Add tests in tests/pytorch/attention/test_attention_with_cp.py
combining GQA + asymmetric qk/v head dims:
- model_configs_flash_attn: cp_3_4 (causal), cp_3_5 (non-causal).
- model_configs_fused_attn: cp_3_5 (causal), cp_3_6 (non-causal).
- Causal cases added to the test_essential CI subset as regression
  sentinels.
Clarify in the code and test-config comments that this path covers both
strict MLA and MLA-style attention combined with GQA.

Checklist:

I have read and followed the contributing guidelines
The functionality is complete
I have commented my code, particularly in hard-to-understand areas
I have made corresponding changes to the documentation
My changes generate no new warnings
I have added tests that prove my fix is effective or that my feature works
New and existing unit tests pass locally with my changes

Signed-off-by: Arkadii Be <beccohov@gmail.com>

greptile-apps · 2026-04-19T11:11:34Z

Greptile Summary

This PR fixes a shape mismatch crash in AttnFuncWithCPAndKVP2P when combining GQA (h_q != h_kv) with MLA-style asymmetric key/value head dimensions. The fix introduces mla_out_shape = (*q.shape[:-1], v.shape[-1]) — capturing the attention output's h_q-head shape versus the existing v_shape's h_kv-head shape — and uses it consistently for output tensor allocation and reshaping in both forward and backward, while leaving all K/V buffer operations on v_shape unchanged.

Confidence Score: 5/5

Safe to merge — targeted one-variable fix with correct placement, backward-compatible under strict MLA (h_q == h_kv), and covered by new regression tests.

All changed sites correctly distinguish the output shape (h_q heads) from the KV shape (h_kv heads). v_shape is still used exclusively for K/V buffer views, and mla_out_shape is used for out/dout in both forward and backward. When h_q == h_kv the two shapes are identical, so existing MLA tests remain valid. New test configs exercise causal and non-causal GQA+MLA paths for both flash-attn and fused-attn backends. No P0/P1 findings.

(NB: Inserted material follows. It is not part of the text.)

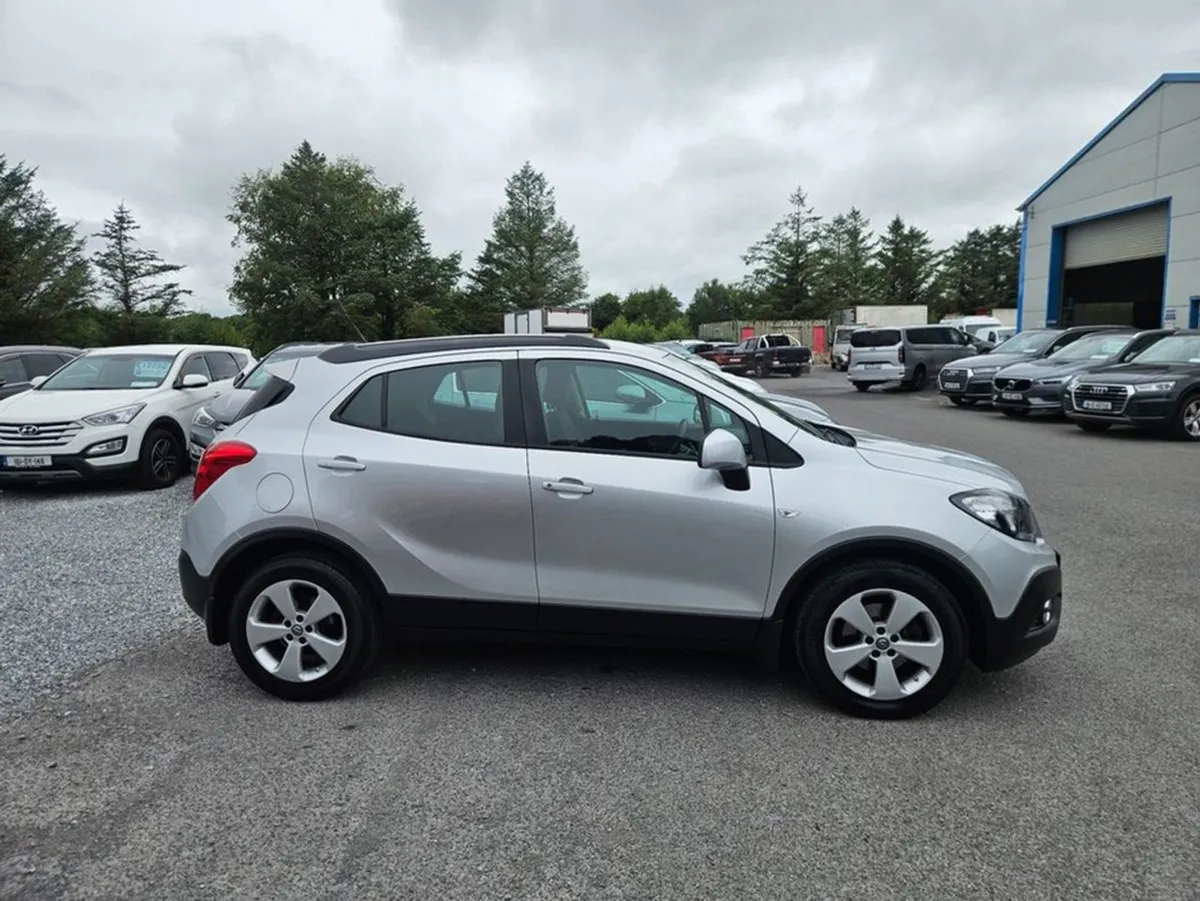Opel Mokka SC 1.6cdti 136PS 4DR - Image 4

No files require special attention.

Important Files Changed

Filename	Overview
transformer_engine/pytorch/attention/dot_product_attention/context_parallel.py	Introduces `mla_out_shape = (*q.shape[:-1], v.shape[-1])` to decouple the attention-output shape (h_q heads) from the V/dV shape (h_kv heads) in the GQA+MLA path; correctly applied in forward (THD allocation, bshd/sbhd reshape) and backward (out/dout rehydration).
tests/pytorch/attention/test_attention_with_cp.py	Adds four new model configs (two for flash-attn, two for fused-attn) exercising GQA + asymmetric qk/v head dims; causal variants included in the `test_essential` CI subset.

Flowchart

%%{init: {'theme': 'neutral'}}%%
flowchart TD
    A["AttnFuncWithCPAndKVP2P.forward()"] --> B["Causal reshape\n(bshd/sbhd only)"]
    B --> C["v_shape = v.shape\nmla_out_shape = (*q.shape[:-1], v.shape[-1])"]
    C --> D{enable_mla?}
    D -- No --> E["out allocation\nuses q.shape (h_q, d_q)"]
    D -- Yes --> F{qkv_format?}
    F -- thd --> G["out = tensor.new_zeros(mla_out_shape)\n(h_q, d_v) ✅"]
    F -- bshd/sbhd --> H["out = correction_init(...)\n.view(mla_out_shape)\n(h_q, d_v) ✅"]
    G --> I["ctx.mla_out_shape saved"]
    H --> I
    I --> J["backward()"]
    J --> K{enable_mla?}
    K -- Yes --> L["out.view(*ctx.mla_out_shape)\ndout.view(*ctx.mla_out_shape)\n(h_q, d_v) ✅"]
    K -- No --> M["out/dout.view(*q.shape)"]
    style G fill:#d4edda
    style H fill:#d4edda
    style L fill:#d4edda

_{Reviews (1): Last reviewed commit: "Fix CP crash with GQA + asymmetric KV he..." | Re-trigger Greptile}

greptile-apps · 2026-04-19T11:11:37Z

        k_shape = k.shape
        k_numel = k.numel()
        v_shape = v.shape
+        mla_out_shape = (*q.shape[:-1], v.shape[-1])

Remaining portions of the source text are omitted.